Especially when you consider that writing is what wears out SSDs, I think this is a poor solution as there will still be many excessive writes, they’re just faster.
Disable the ZIL Entirely
This is a pretty blunt solution, but a quick and easy temporary fix. Running this on a zvol:
zfs set sync=disabled zroot
Which turns off sync forcing/cache flushing for the entire FS. There are some who say this can lead to underlying ZFS corruption and cry wolf but per this article I do not believe that is the case: https://blogs.oracle.com/roch/entry/nfs_and_zfs_a_fine
What it does say though is that you can end up with NFS client corruption (in the form of inconsistency). This may be so but remember that the guest filesystem itself also has protections built into it (ie; NTFS or UFS) which can help mitigate these things.
And of course if everything is UPS backed (and nothing panics) this is even less of an issue.
I used this method temporarily until I made the NFS change and experienced no problems, but I dislike how this affects “everything” including native writes, Samba, etc.

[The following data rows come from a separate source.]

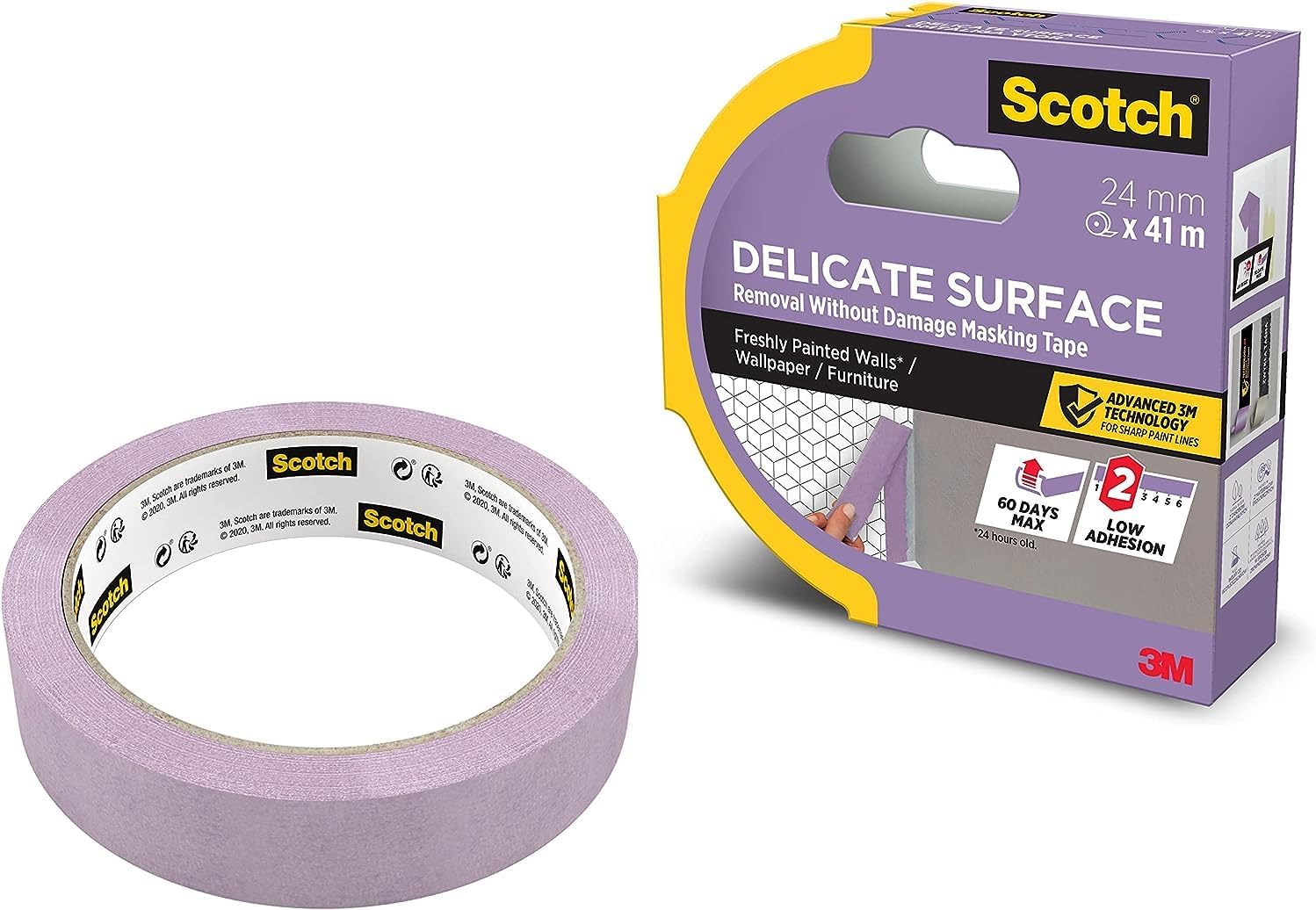 Scotch delicate tape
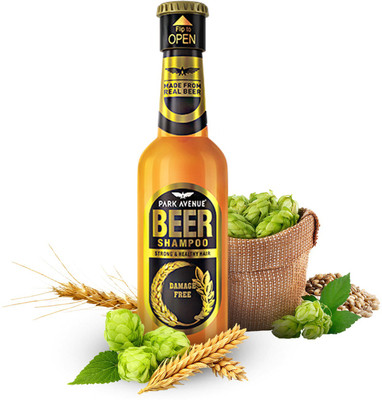 Park Avenue Beer shampoo Damage free for men(180 ml)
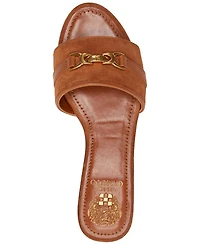 Vince Camuto Women's Maxine Horsebit Slide Sandals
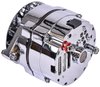 1-Wire GM Alternator 100 AMP Output Serpentine Pulley [Chrome Plated Finish] - image 4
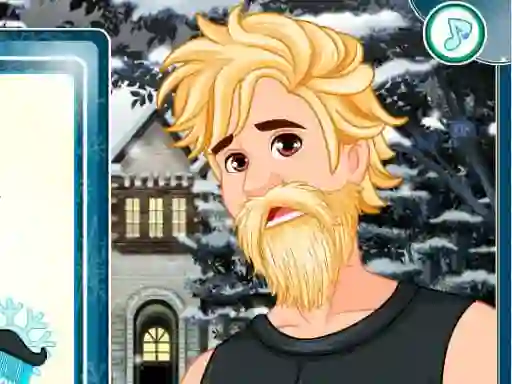 Princess Christmas Beards — безкоштовна онлайн гра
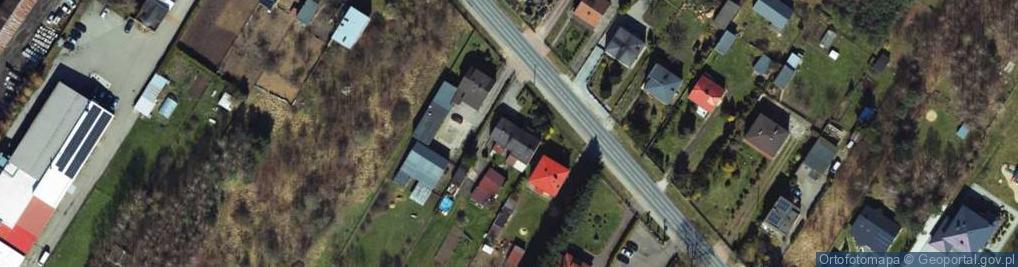 Zdjęcie satelitarne Stobiecko Szlacheckie ul.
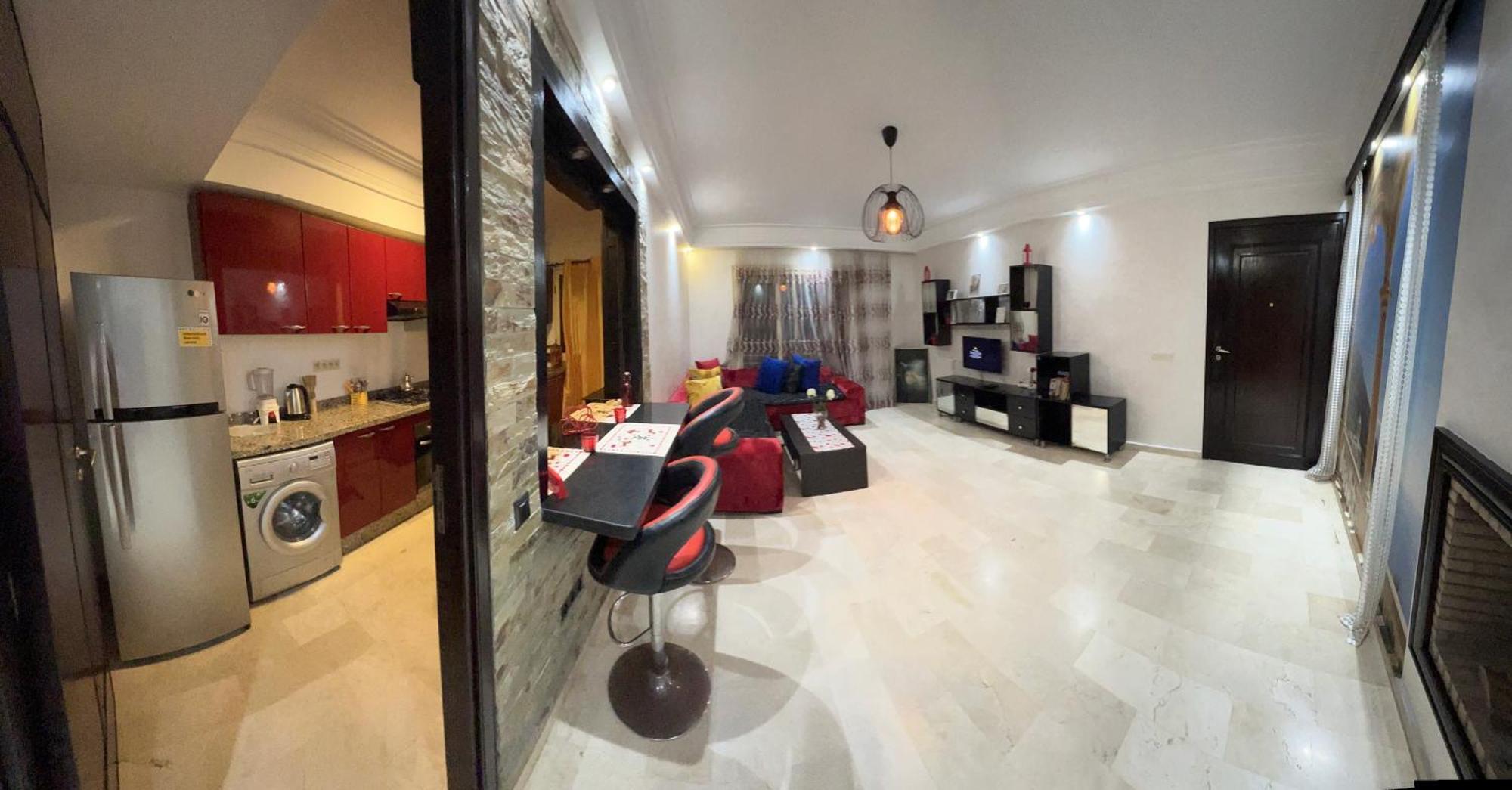 Red House Apartment Casablanca Exterior photo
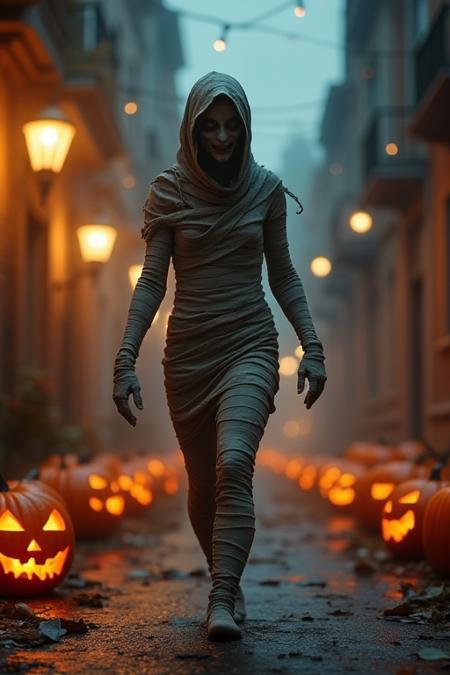 Halloween Series: Scary Mummy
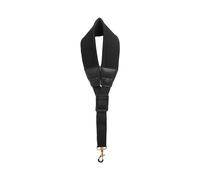 professionale per clarinetto Accessori Tracolla Per Clarinetto Colorata Morbida Imbottita Per Strumento Musicale In Corno Di Nylon Clarinetto Regolabile (Color : Bk)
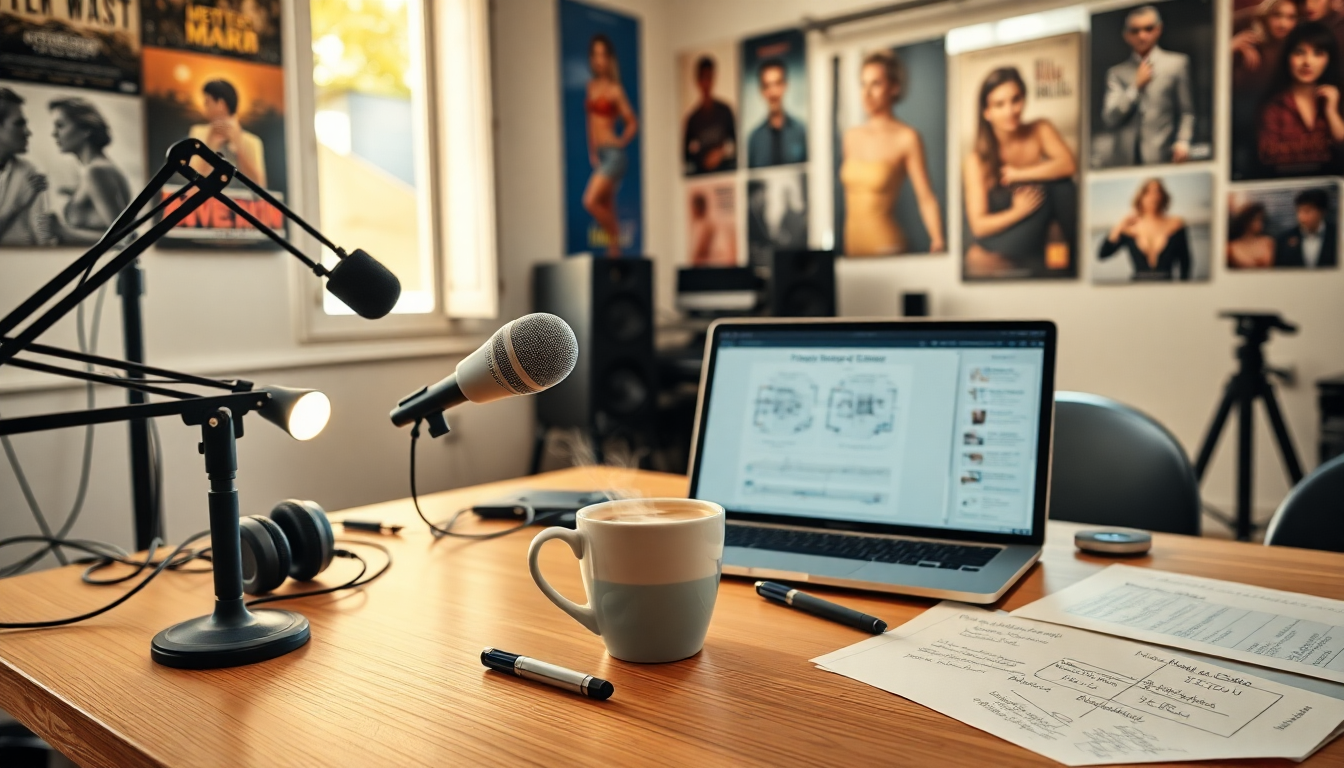 Dietro le quinte del podcast di Giulia Salemi con Paola Barale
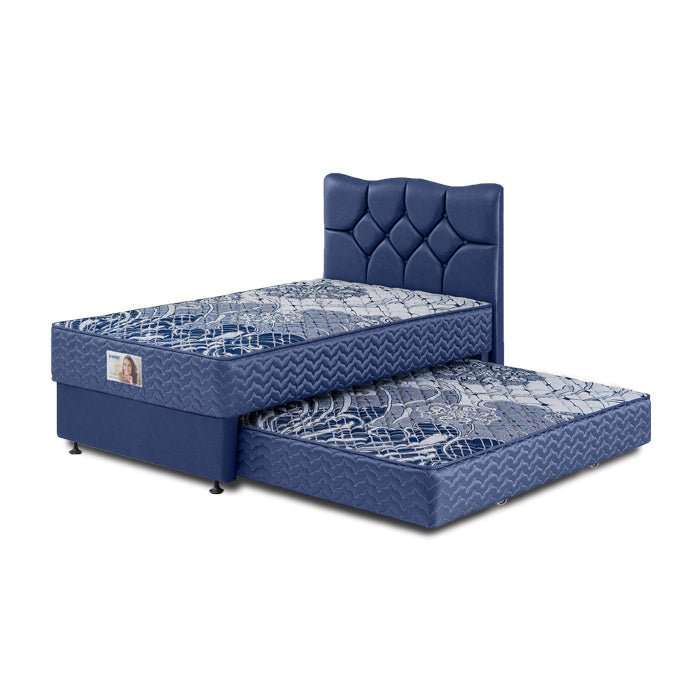 KASUR 2IN1 - 2IN1 BEDSET Kasur Springbed Guhdo Standard 2in1 HB Lavela Oscar | Fullset GUHDO OSCARLIVING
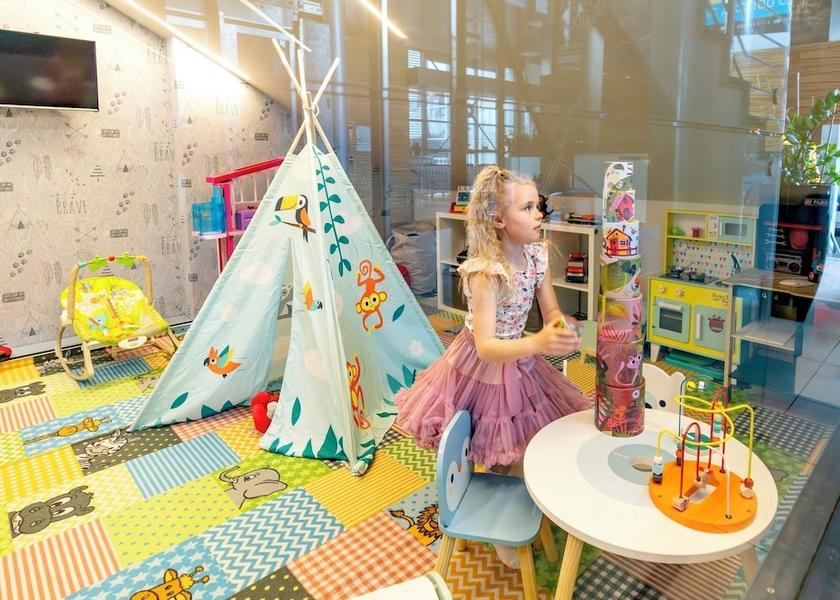 Prešov Region Poprad Children's play area - indoor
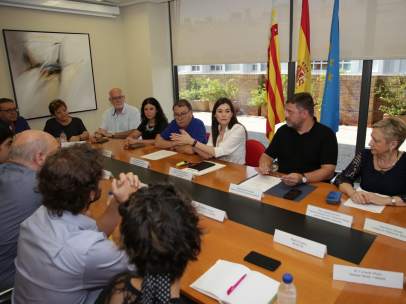 Reunión para tratar sobre las instrucciones sobre homeopatía y pseudociencias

Setting vfs.zfs.cache_flush_disable="1" in /boot/loader.conf
This I think is an older “solution” in the 8.x days, and the sync=disable option supersedes it. I found that while it did improve performance by a factor of 15x, that only meant 15 MiB/sec writes which I consider to be still unacceptable. And the “risks” are similar to the above sync=disable which has much better performance.